• Your assignment: In your copy, drop the images and return each record exactly as it stands.

[Brief descriptive captions]
-- Opening Marker --
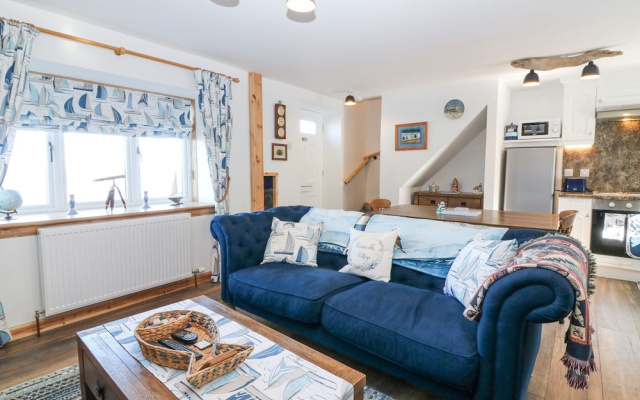 Periwinkle Cottage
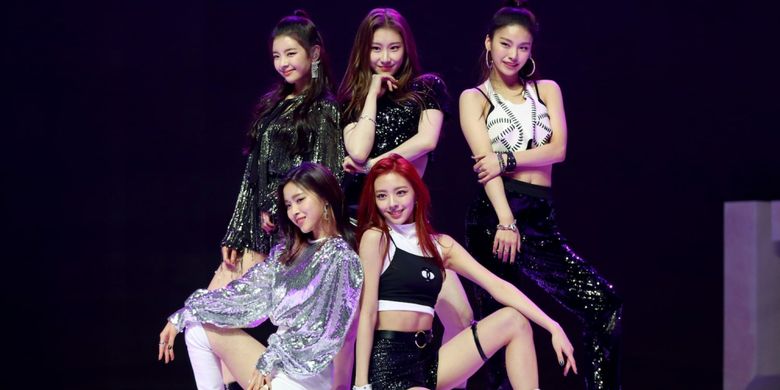 Punyu Munyu2 - Girlband ITZY Akhirnya Umumkan Nama Fandom Resmi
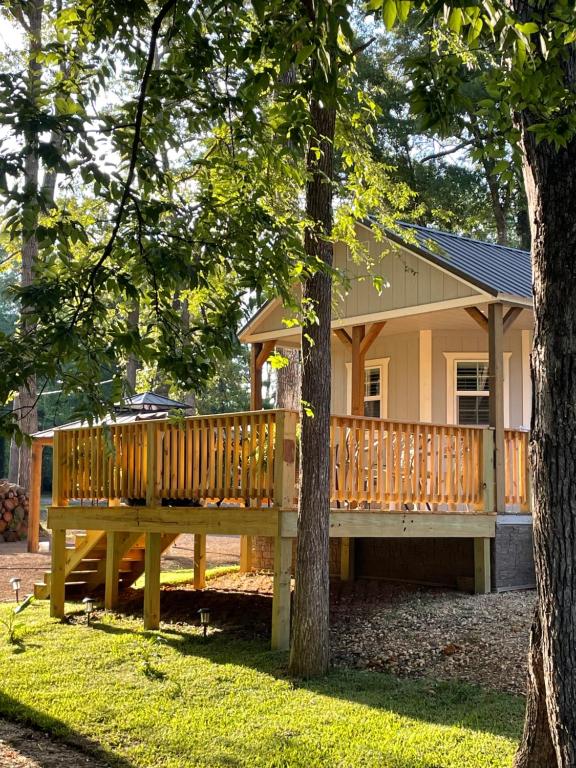 AvingerCozy Cabin in Crestwood Subdivision的庭院中设有大型木甲板的房子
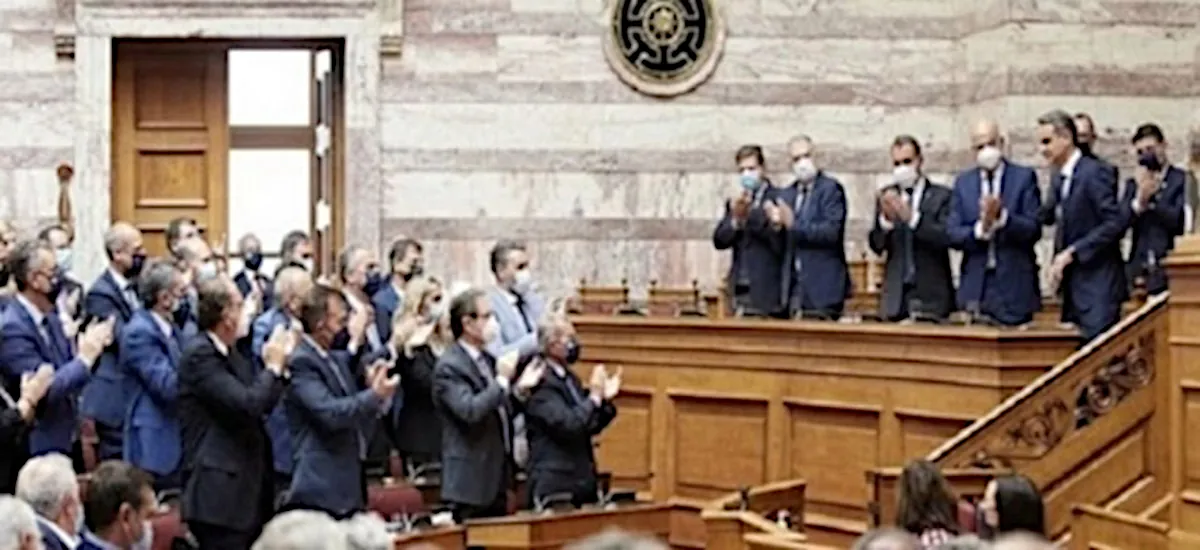 Και φρεγάτες και αντιπλημμυρικά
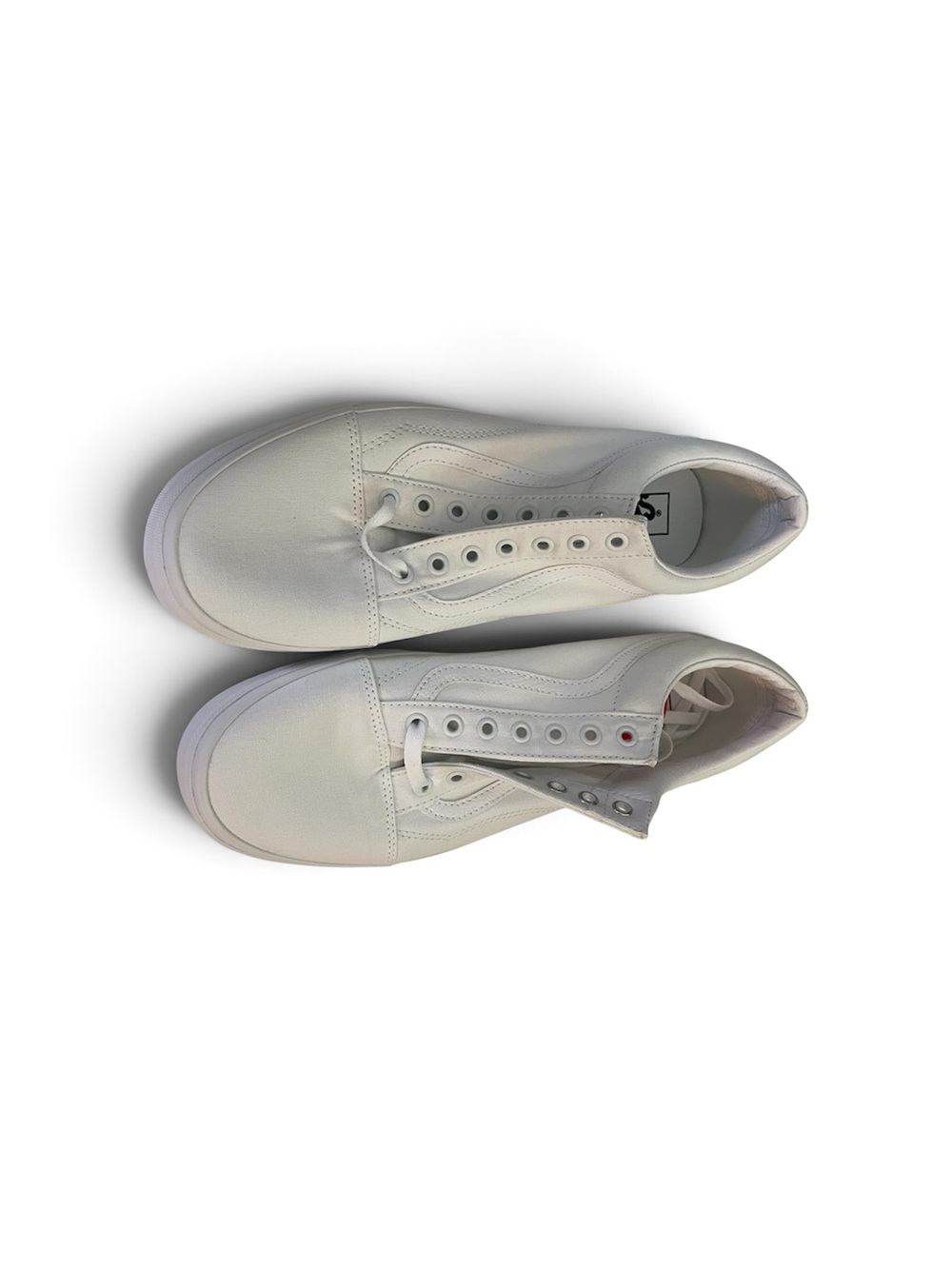 “Old Skool” Vans men’s White Canvas Slip-On Sneakers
-- Closing Marker --
• Answer to this task:
 Periwinkle Cottage
 Punyu Munyu2 - Girlband ITZY Akhirnya Umumkan Nama Fandom Resmi
 AvingerCozy Cabin in Crestwood Subdivision的庭院中设有大型木甲板的房子
 Και φρεγάτες και αντιπλημμυρικά
 “Old Skool” Vans men’s White Canvas Slip-On Sneakers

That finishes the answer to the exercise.